Work instruction
Within the entries below, find the portion that opens with the line containing "PATBO Halter Neck" and closes with the line containing "Ewent EW1221 mobile". Retype that portion exactly and only.

►

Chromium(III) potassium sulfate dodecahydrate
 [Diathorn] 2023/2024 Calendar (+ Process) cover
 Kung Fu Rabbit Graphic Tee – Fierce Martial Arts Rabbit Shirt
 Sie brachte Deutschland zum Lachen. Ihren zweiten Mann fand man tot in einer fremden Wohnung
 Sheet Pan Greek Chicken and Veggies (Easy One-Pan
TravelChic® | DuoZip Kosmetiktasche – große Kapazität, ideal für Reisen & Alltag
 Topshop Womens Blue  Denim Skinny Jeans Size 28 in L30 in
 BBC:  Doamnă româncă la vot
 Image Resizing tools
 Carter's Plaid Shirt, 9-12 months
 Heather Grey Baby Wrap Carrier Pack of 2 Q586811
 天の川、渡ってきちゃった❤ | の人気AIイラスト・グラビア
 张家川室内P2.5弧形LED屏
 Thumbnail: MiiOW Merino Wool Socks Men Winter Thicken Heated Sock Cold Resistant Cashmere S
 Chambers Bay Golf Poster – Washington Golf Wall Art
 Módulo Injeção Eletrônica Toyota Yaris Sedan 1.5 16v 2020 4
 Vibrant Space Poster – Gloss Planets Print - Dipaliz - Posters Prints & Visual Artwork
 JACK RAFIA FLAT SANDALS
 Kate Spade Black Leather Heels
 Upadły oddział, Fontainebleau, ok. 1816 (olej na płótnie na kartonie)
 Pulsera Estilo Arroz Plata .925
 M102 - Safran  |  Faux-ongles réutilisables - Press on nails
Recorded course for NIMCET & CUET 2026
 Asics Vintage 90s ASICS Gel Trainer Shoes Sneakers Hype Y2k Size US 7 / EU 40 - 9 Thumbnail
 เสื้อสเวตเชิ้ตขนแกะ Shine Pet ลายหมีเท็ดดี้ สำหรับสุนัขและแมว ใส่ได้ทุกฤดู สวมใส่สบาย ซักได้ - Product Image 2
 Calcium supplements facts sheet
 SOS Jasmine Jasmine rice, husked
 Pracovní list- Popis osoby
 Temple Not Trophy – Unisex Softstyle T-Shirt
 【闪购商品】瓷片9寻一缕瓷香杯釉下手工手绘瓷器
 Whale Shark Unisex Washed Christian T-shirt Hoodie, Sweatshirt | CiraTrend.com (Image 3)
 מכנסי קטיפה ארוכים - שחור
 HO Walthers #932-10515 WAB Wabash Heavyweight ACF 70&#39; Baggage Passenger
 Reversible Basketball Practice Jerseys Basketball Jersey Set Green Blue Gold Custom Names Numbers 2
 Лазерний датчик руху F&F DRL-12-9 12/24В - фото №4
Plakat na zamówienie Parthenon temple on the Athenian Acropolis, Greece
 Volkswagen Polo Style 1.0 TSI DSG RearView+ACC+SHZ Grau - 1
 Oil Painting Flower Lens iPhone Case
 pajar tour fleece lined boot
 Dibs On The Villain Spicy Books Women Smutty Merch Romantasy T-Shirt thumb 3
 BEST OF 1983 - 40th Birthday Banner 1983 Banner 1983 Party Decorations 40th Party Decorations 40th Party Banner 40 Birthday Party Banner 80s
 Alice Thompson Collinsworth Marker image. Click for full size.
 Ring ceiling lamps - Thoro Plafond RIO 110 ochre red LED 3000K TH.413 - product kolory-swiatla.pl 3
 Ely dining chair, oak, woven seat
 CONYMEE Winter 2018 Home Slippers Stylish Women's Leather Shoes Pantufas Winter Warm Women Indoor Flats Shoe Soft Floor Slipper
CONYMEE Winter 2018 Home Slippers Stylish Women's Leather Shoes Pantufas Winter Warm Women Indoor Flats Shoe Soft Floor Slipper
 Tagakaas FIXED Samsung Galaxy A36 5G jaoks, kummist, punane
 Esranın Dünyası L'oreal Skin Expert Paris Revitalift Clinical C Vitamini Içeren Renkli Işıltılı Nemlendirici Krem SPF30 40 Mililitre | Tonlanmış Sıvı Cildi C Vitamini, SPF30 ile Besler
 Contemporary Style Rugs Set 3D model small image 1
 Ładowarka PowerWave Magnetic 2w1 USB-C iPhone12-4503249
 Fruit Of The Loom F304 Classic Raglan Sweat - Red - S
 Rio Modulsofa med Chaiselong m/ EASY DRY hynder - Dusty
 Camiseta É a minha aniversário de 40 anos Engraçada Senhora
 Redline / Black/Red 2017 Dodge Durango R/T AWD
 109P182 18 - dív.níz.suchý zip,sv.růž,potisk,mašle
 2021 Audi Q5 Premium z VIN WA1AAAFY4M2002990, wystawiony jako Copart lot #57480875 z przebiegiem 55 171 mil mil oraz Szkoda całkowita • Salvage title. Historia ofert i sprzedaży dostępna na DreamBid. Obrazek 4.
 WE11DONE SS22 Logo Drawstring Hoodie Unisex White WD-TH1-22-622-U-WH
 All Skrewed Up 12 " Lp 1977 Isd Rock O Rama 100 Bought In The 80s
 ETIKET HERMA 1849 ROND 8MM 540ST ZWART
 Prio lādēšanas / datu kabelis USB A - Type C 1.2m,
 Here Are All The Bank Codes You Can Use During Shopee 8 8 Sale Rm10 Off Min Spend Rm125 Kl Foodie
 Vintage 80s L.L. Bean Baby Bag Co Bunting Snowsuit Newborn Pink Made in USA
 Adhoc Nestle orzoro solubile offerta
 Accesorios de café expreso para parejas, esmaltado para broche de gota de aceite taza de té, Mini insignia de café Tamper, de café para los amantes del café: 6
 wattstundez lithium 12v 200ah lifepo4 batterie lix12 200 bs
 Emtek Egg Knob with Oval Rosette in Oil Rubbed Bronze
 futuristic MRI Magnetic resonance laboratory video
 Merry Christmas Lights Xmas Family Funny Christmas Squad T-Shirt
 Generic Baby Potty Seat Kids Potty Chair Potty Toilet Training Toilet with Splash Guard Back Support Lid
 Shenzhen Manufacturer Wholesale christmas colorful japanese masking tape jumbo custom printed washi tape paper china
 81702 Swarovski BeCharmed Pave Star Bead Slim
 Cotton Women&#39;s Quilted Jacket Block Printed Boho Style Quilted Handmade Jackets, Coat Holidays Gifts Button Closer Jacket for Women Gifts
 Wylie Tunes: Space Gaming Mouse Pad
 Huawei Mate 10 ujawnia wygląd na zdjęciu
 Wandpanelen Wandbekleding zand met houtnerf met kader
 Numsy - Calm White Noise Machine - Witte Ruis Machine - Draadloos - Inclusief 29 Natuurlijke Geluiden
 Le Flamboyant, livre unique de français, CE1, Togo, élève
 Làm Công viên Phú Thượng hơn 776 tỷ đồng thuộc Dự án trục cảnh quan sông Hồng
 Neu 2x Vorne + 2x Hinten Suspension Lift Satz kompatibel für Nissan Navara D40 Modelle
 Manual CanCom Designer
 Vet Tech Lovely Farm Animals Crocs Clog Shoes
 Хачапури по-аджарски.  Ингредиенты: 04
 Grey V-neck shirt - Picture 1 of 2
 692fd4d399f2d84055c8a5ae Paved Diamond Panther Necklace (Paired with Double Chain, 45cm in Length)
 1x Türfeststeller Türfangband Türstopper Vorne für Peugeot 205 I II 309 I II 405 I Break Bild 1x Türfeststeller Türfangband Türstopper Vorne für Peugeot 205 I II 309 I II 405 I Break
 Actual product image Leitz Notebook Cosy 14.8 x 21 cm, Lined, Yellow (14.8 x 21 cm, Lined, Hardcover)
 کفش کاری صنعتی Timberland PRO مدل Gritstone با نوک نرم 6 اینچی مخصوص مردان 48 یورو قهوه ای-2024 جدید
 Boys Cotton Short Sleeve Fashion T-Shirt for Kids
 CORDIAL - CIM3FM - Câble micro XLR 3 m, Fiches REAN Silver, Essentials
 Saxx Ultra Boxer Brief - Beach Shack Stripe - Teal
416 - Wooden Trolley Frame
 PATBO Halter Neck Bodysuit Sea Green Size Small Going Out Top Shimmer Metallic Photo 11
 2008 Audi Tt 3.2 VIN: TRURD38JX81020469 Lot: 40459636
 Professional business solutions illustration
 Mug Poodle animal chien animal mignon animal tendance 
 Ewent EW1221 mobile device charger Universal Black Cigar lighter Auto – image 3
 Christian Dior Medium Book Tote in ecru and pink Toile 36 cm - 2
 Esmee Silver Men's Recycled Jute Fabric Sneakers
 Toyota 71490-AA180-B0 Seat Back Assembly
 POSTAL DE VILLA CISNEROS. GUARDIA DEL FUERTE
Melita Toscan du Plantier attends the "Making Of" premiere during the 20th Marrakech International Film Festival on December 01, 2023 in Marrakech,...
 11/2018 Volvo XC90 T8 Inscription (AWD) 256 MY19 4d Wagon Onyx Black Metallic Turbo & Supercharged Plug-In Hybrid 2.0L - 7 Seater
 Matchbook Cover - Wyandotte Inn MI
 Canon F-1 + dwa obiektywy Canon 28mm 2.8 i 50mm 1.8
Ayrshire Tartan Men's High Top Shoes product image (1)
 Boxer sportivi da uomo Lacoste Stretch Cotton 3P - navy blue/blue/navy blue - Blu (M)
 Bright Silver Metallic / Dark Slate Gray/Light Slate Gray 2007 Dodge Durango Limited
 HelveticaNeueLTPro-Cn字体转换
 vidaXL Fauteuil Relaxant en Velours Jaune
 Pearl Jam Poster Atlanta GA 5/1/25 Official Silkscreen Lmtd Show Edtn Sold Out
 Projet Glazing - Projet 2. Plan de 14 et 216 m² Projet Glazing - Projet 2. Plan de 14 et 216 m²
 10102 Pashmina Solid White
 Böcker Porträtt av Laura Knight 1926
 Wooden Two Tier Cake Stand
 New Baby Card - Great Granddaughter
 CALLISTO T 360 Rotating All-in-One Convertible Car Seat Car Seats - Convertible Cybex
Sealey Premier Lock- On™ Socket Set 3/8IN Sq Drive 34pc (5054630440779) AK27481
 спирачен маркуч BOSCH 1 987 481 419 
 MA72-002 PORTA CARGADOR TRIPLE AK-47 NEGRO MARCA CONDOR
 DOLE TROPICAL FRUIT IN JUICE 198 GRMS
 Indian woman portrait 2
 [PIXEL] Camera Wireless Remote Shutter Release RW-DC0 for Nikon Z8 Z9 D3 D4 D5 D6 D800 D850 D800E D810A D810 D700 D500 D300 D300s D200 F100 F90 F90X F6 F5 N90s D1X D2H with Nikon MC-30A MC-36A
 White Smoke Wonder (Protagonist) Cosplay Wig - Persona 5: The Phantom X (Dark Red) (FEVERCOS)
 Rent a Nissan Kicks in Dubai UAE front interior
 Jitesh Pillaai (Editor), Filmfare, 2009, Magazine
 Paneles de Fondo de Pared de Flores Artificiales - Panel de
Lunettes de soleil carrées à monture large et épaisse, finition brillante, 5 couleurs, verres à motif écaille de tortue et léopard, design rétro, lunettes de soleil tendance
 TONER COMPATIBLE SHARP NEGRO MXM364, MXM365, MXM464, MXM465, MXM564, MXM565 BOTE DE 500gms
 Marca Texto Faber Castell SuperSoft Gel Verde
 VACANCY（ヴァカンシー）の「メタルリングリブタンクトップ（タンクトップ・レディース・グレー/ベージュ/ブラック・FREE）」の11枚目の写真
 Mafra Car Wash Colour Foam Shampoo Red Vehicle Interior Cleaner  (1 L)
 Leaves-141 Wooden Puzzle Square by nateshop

◄

Solution to the exercise
 PATBO Halter Neck Bodysuit Sea Green Size Small Going Out Top Shimmer Metallic Photo 11
 2008 Audi Tt 3.2 VIN: TRURD38JX81020469 Lot: 40459636
 Professional business solutions illustration
 Mug Poodle animal chien animal mignon animal tendance 
 Ewent EW1221 mobile device charger Universal Black Cigar lighter Auto – image 3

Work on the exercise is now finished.